Spartacist League spokesman Paul Cone at an October 13 forum in Los
Angeles.
As revolutionary Marxists, our approach to the elections is the
same as our approach to all our work and especially our interventions into class
and social struggle. We seek to break the workers from illusions that the
Democrats, Republicans or any capitalist party can be relied on to
promote their interests, or that any lasting improvement of their lot can be
achieved under capitalism. At bottom, the belief that any fundamental change for
workers and the oppressed can be achieved through the ballot represents a
utopian belief in the reformability of the bourgeois state.
We seek to instill in the working class, as well as radicalized
youth, the recognition of the unique social power the proletariat possesses as
the collective producers of most of the wealth of this society. Such social
power needs to be realized through a party of their own, a workers party. What
we mean by that is not an electoral vehicle but a party that leads the working
class and oppressed in a fight for workers rule: the expropriation of the
capitalist class through workers revolution and the formation of a workers
government. In a society under workers rule, the productive capacity and
resources are owned in common and production is based on human need—not the mad
chase after profits.
I want to also point out that we communists would run for elective
office and serve in the Congress and other legislative bodies as revolutionary
tribunes of the working class—i.e., as oppositionists to the
capitalist order. But we would not run for executive offices such as president,
governor, mayor. Holding executive office means taking responsibility for the
administration of the machinery of the capitalist state. Running for such
offices can only reinforce illusions that the capitalist state, under the right
leadership, can be made to serve the interests of the exploited and oppressed.
Although the working class here has historically waged some of the
fiercest battles against the bosses and their state, the U.S. stands out as the
only advanced capitalist country where the working class has not attained even a
minimal level of political class consciousness.
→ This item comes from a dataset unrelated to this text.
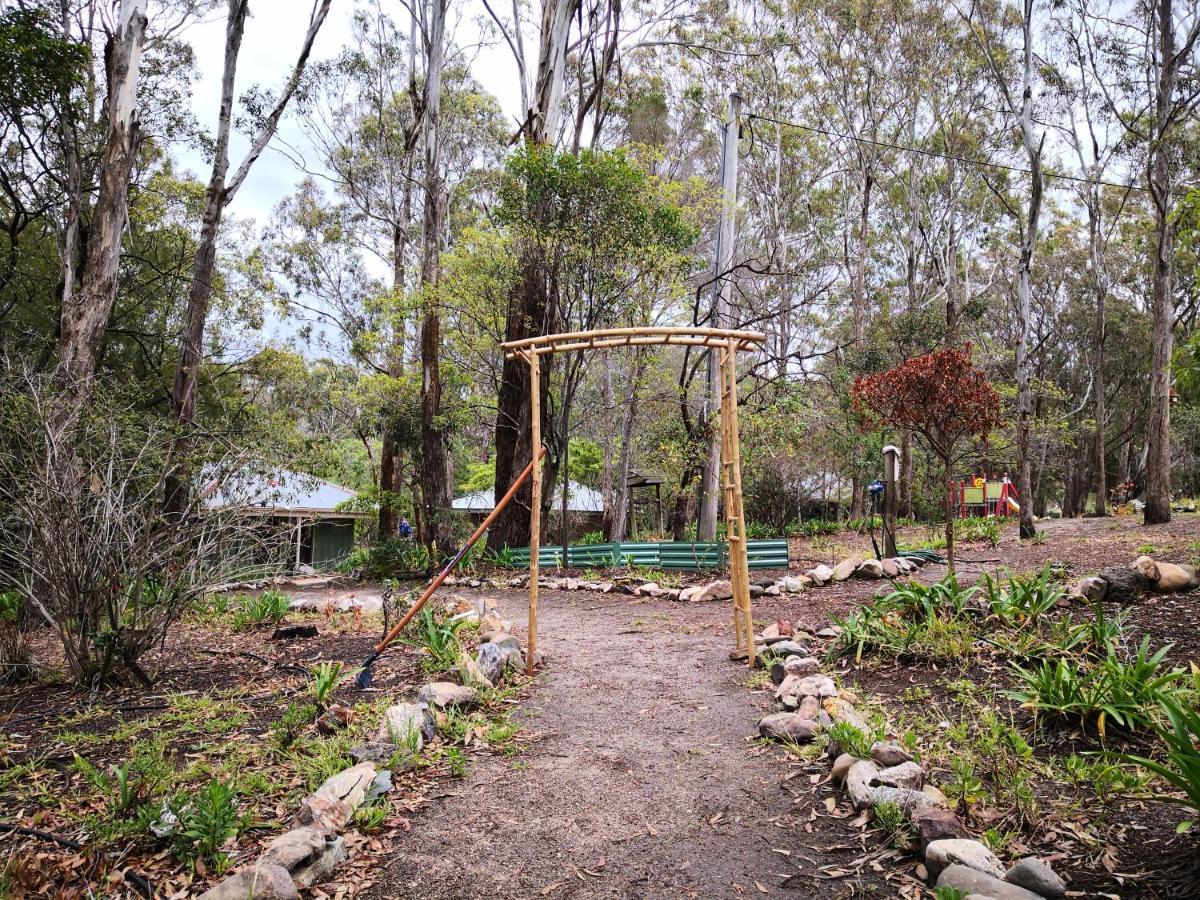 Kalimna Woods Cottages Lakes Entrance Exterior photo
In its mass, the American
working class has never supported a party whose declared ultimate goal is the
replacement of the capitalist system with a socialist society, or which even
claims to stand simply for workers’ interests in their day-to-day struggles
against the employers. The two primary, and interrelated, obstacles have been
illusions in the Democrats and the racial and ethnic divisions promoted by the
capitalists, both of which are purveyed by the pro-capitalist labor bureaucracy.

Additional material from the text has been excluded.